● TASK BRIEF
Restate the data below word for word, omitting pictures.

● DATA SHOWN
================================
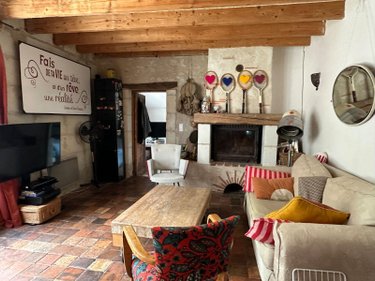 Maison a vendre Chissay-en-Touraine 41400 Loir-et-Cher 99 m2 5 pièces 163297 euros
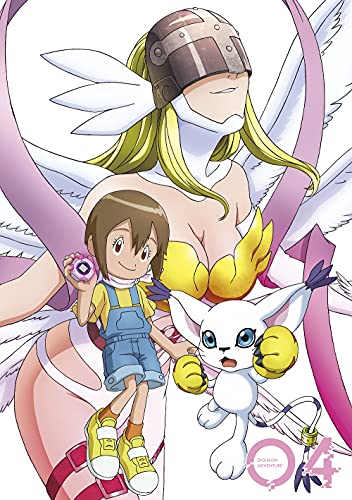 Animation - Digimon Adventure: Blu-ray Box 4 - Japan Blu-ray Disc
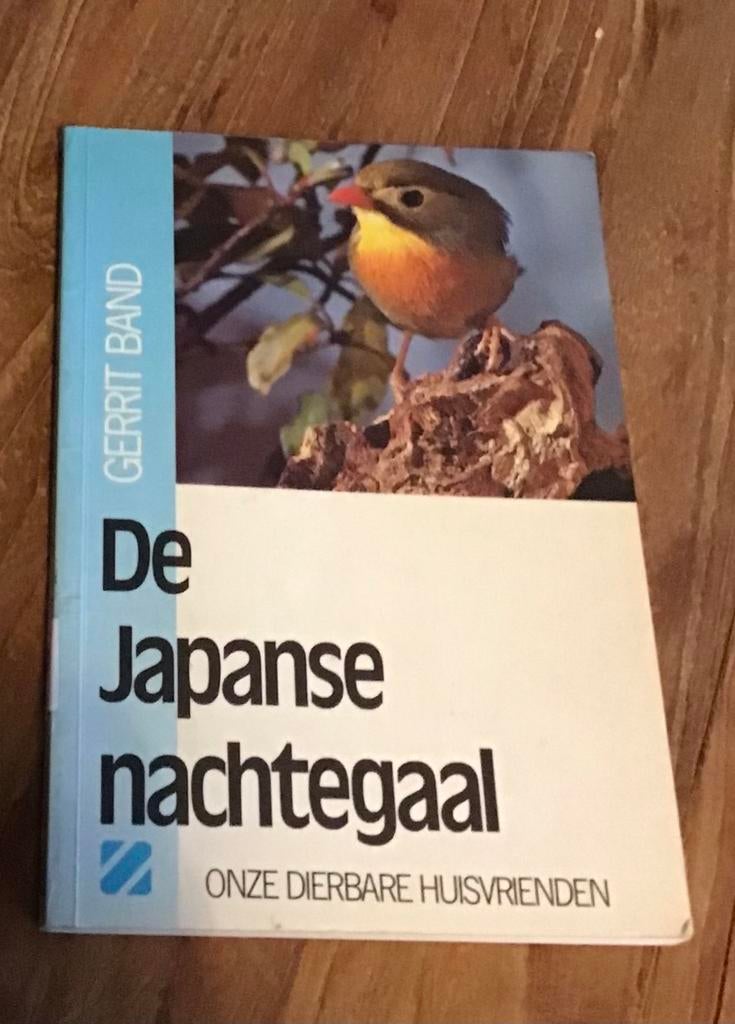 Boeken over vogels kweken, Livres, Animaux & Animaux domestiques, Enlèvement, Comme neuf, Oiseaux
================================
● OUTPUT FOR THIS TASK
 Maison a vendre Chissay-en-Touraine 41400 Loir-et-Cher 99 m2 5 pièces 163297 euros
 Animation - Digimon Adventure: Blu-ray Box 4 - Japan Blu-ray Disc
 Boeken over vogels kweken, Livres, Animaux & Animaux domestiques, Enlèvement, Comme neuf, Oiseaux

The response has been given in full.